My latest attempt at establishing a more disciplined meditation practice involves a local weekly mindfulness group I attend when my schedule allows. I've attended perhaps 7 times in the last few months. I certainly enjoy the lovely people attending and sitting with me but I haven’t felt as though I was really following the plan, so to speak. Usually, I allow Reiki to flow and quietly do my own thing. I’m sure I don’t have the mindfulness idea "right" but I show up and that’s a positive step. Besides, no one knows how empty or full my mind is (except me) and I enjoy my time there with these people and their input when we have time to share.

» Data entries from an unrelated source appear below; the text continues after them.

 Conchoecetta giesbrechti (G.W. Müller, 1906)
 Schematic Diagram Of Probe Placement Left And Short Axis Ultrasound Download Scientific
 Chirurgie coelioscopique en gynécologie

Today was so grand and unexpected, however. The truth and depth of my practice washed over me this morning and my awareness opened in a surprising way. For the whole sitting time, I couldn’t stop smiling and my head seemed to move around a lot as if it was dancing to a soft flow of music that even I couldn't hear. At least everyone had their eyes closed but even if they didn’t, it wouldn’t have bothered me one bit. Not in the least. I was so in the flow of Reiki and so tuned in, the joy and stillness and awareness was palpable and all I knew.
Until a baby outside the room screamed.
As the observer, I noticed how I winced very mildly at the sudden and uncomfortable sound. I found my reaction interesting and then let it go. Silence. In the flow...
Screaming.
This time, however, I was so serene as the sound pierced the room and my awareness was clear. In that moment, I did not hear a baby scream. Instead, I heard pure emotion being fully expressed. The baby held nothing back and had no worry what anyone thought about her or her behavior. She was simply allowing the emotion to release and express without limitation.

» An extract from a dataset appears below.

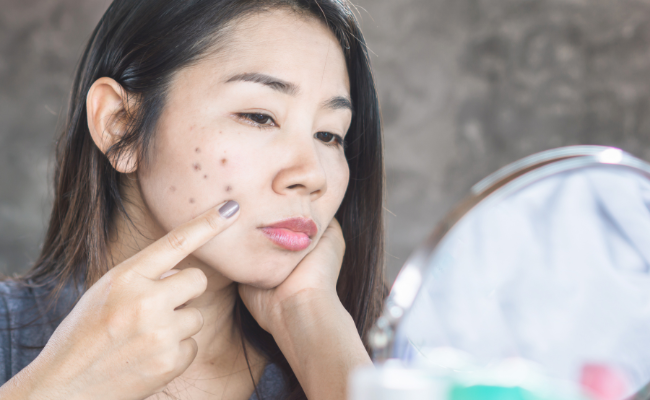 Treating Post-Pimple Dark Spots: Solutions and Prevention Tips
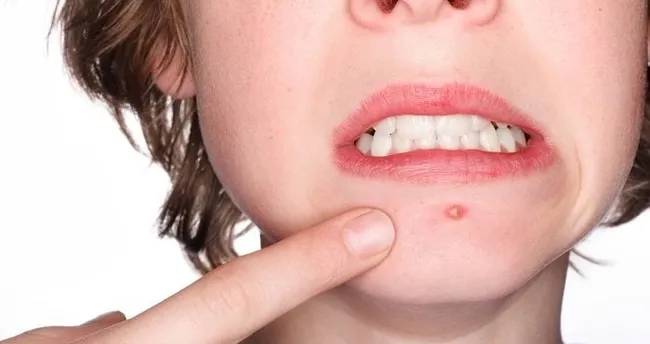 1 gecede sivilce yok etme ve kurutma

It was beautiful. Really beautiful. For as long as it continued, I had no thoughts about it, just simple and powerful feelings of joy as I witnessed her pure expression.

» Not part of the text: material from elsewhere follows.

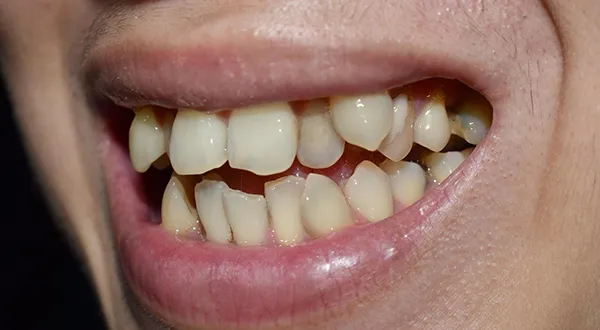 Understanding Malocclusion: What It Is and How Orthodontics Can Help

Of course, in my thinking mind, I could have had many thoughts and judgements and labels for the situation and the child but I simply did not. I was present to something much higher.
After the exercise, as we tuned into each other to share our reflections, I recalled a favorite quote by Rumi.
I realized I had been there…in the field…and it was pure wonder and brilliance and joy. I kept that smile for some time after the meditation and realized that indeed, I do meditate. I just seem to do it my way and with Reiki flowing, the experience is truly like a gift. For like a gift, it is unexpected and it stirs gratitude within me. I am thankful.